[time-nuts] Ships fooled in GPS spoofing attack suggest Russian cyberweapon
magnus at rubidium.dyndns.org
Mon Aug 14 14:54:17 EDT 2017
Sure, some have started to work on it, but far from it. Traditional
navigation helps a lot. While you have signal you can trim continously.
On 08/14/2017 07:43 PM, paul swed wrote:
> Sextent, compass, and clock.
> Amazingly as posted on time nuts some time ago the Navy and Coast Guard
> have re-introduced that training.
> On Mon, Aug 14, 2017 at 1:24 PM, Magnus Danielson <
> magnus at rubidium.dyndns.org> wrote:
>> Hi Jim,
>> On 08/14/2017 06:03 PM, jimlux wrote:
>>> And GPS users who care about spoofing tend to use antenna systems that
>>> will reject signals coming from the "wrong" direction. It's pretty easy to
>>> set up 3 antenna separated by 30 cm or so and tell what direction the
>>> signal from each S/V is coming from.
>>> I would expect that as spoofing/jamming becomes more of a problem (e.g.
>>> all those Amazon delivery drones operating in a RF dense environment) this
>>> will become sort of standard practice.

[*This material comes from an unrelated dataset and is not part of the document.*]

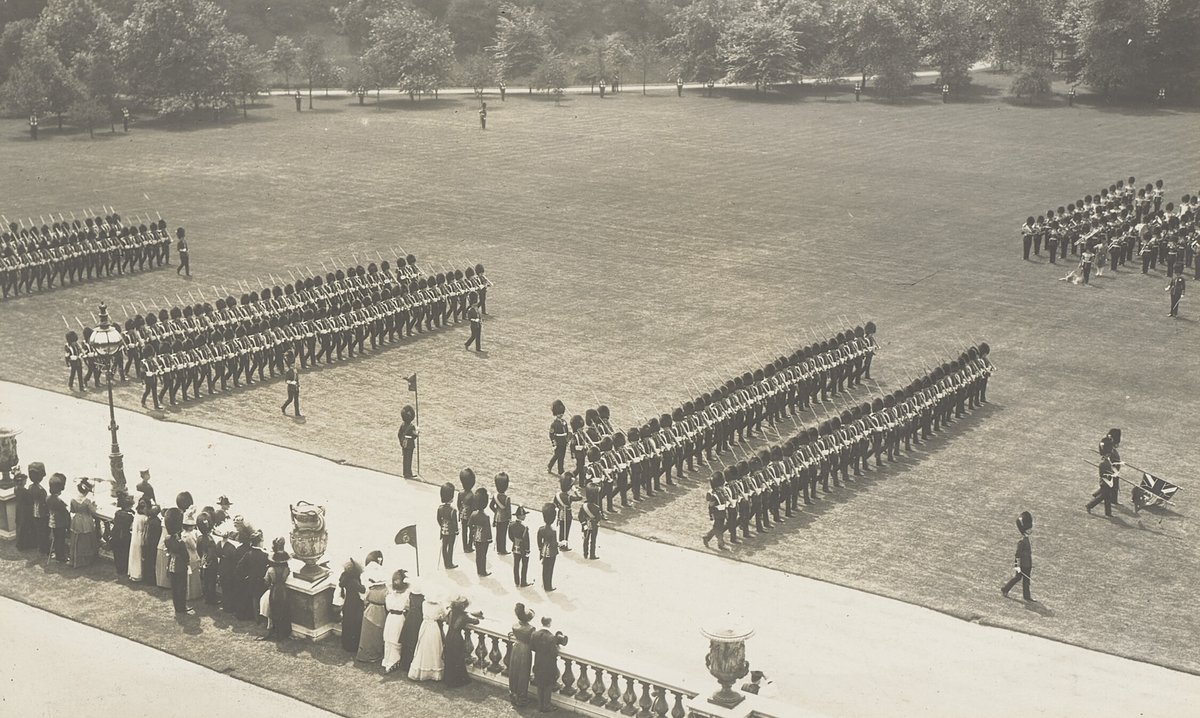 The Irish Guards march past King George V after being presented with new Colours at Buckingham Palace in 1913. (Royal Collection Trust)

>>> So now your spoofing becomes much more complex, because the sources have
>>> to appear to come from the right place in the sky. (fleets of UAVs?)
>> You gain maybe 10 to 20 dB, but not much more.
>> A real protection scheme needs much more tolerance to handle severe
>> There is an overbeliefe in such approaches, rather than trying to look at
>> the system analysis, since when you loose the GPS signal, what do you do. I
>> get blank stares all too often when I ask that trick question.